The end battle features a lot of twists and turns but gives a surprise but somewhat expected ending to the movie and the Iron Man series as well. Oh yeah, I encourage you to sit through the credits for a surprise end.
Usually I’m not a huge fan of movie sequels. I consider Hollywood sequels to be the actors, directors and producers masturbating for two hours. However I did find Iron Man 3 to be enjoyable. This was movie that was to be, or appears to be, the end of the Iron Man series. It had quite a lot to work with and it did a very good job of it, even though I feel it could have been better. Yes it was a story with a lot of clichés and yes there were a lot of areas that felt very formulaic. Even the addition of a cute kid felt like Hollywood up to its usual tricks. What it lacks in terms of inventiveness and unpredictability, it does make up in terms of its visual effects. The fights still thrill and the effects still dazzle. It’s what one should come to expect from a superhero movie. Surely director/co-writer Shane Black knew what he had to deliver when he agreed to do Iron Man 3. He’s written for popcorn movies before. Even though he delivers an ending to a series that could have been better, he does mostly end the Iron Man series on a positive note. One thing is that even though this may mean the end of the Iron Man series, it doesn’t mean that Tony Stark won’t be back for the next Avengers movie. There was even a hint or two of The Avengers in the script.

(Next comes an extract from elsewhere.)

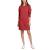 Eddie Bauer Women's Camp Fleece Long-Sleeve Crew Dress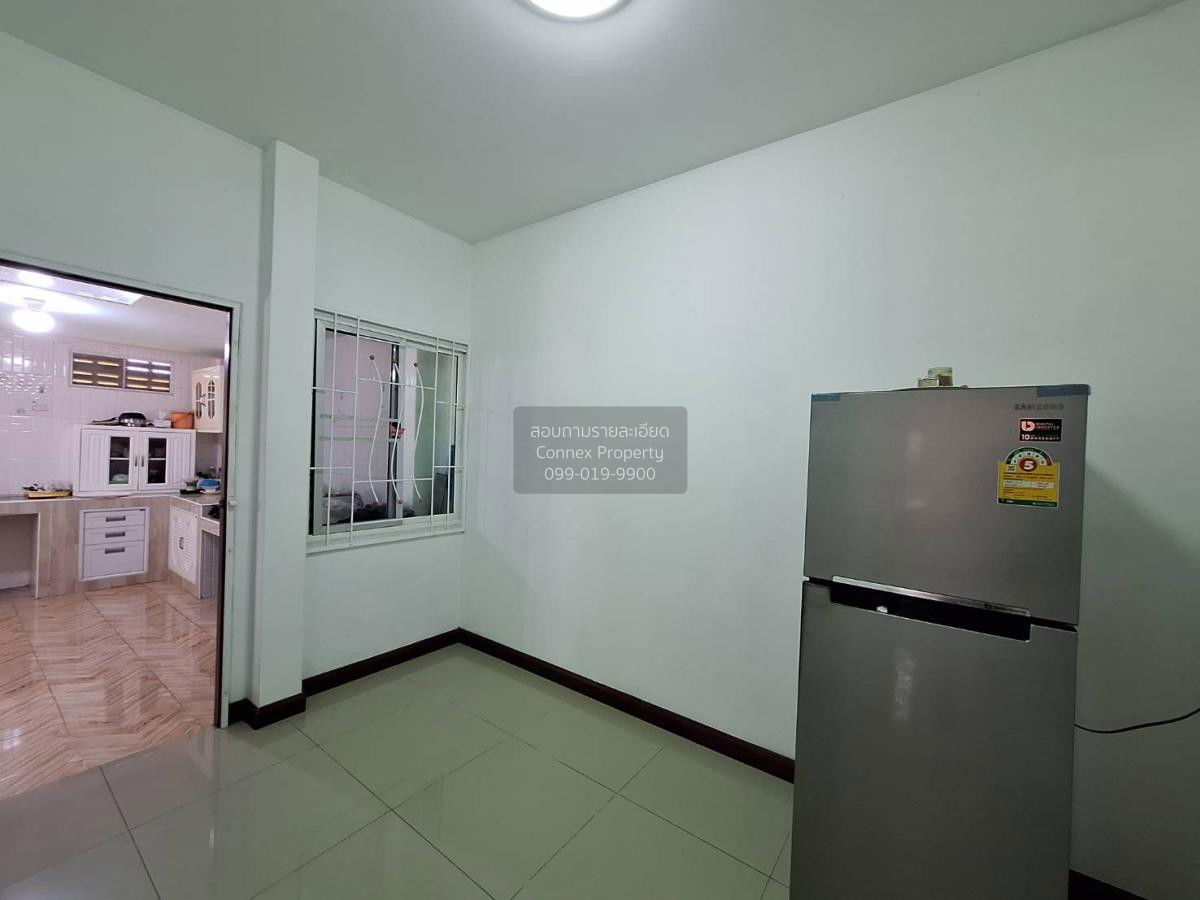 รูป ขายบ้าน  เต็มสิริ วิลเลจ กระทุ่มราย เขต หนองจอก กรุงเทพ CX-96376 ✅ ทักไลน์ @connexproperty ตอบทันที ทีมงานมืออาชีพ ✅ - รูปที่ 2/12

Once again, Robert Downey Jr. brings out the character of Tony Stark, but it felt like something was missing. I don’t know what it was but I felt there was a certain quality of Tony that was present in the first Iron Man and made him a scene-stealer in The Avengers that was missing here. Pepper Potts was given more of a role as being the one getting Tony to smarten up although Gwyneth is not as much of a scene stealer as she could be. Guy Pearce could have done more with his role of Killian but keeps him as a stockish villain. Rebecca Hall was good as Maya Hansen even though her role was nothing out of the ordinary. Don Cheadle was good at being a comedic sidekick Iron Patriot but he too lacked the scene-stealing quality. Ty Simpkins was given a typical child actor role where he’s made to look cutesy. And Ben Kingsley’s turn as the Mandarin succeeded in being both intense and comical when it was required to be.
As is to be expected with any big release of the summer movie season, Iron Man 3 succeeds in challenging for top box office results. It achieved $174.1 million in its opening weekend making it second only to last year’s The Avengers for the biggest opening weekend ever. Even now it continues to remain strong at the box office even though it was replaced at the #1 spot in its third weekend by Star Trek Into Darkness. I don’t think it will supersede The Avengers‘ total gross since The Avengers was still #1 after three weekends. I am confident that Iron Man 3 will finish its box office run in the Top 10 of all time. It’s only $86 million away right now.
Iron Man 3 is a series-ending movie in which first seems surprising but turns out to be typically expected on second-thought. It’s better than the second but not as entertaining as the first. Nevertheless it ends on a good note, if slightly flawed.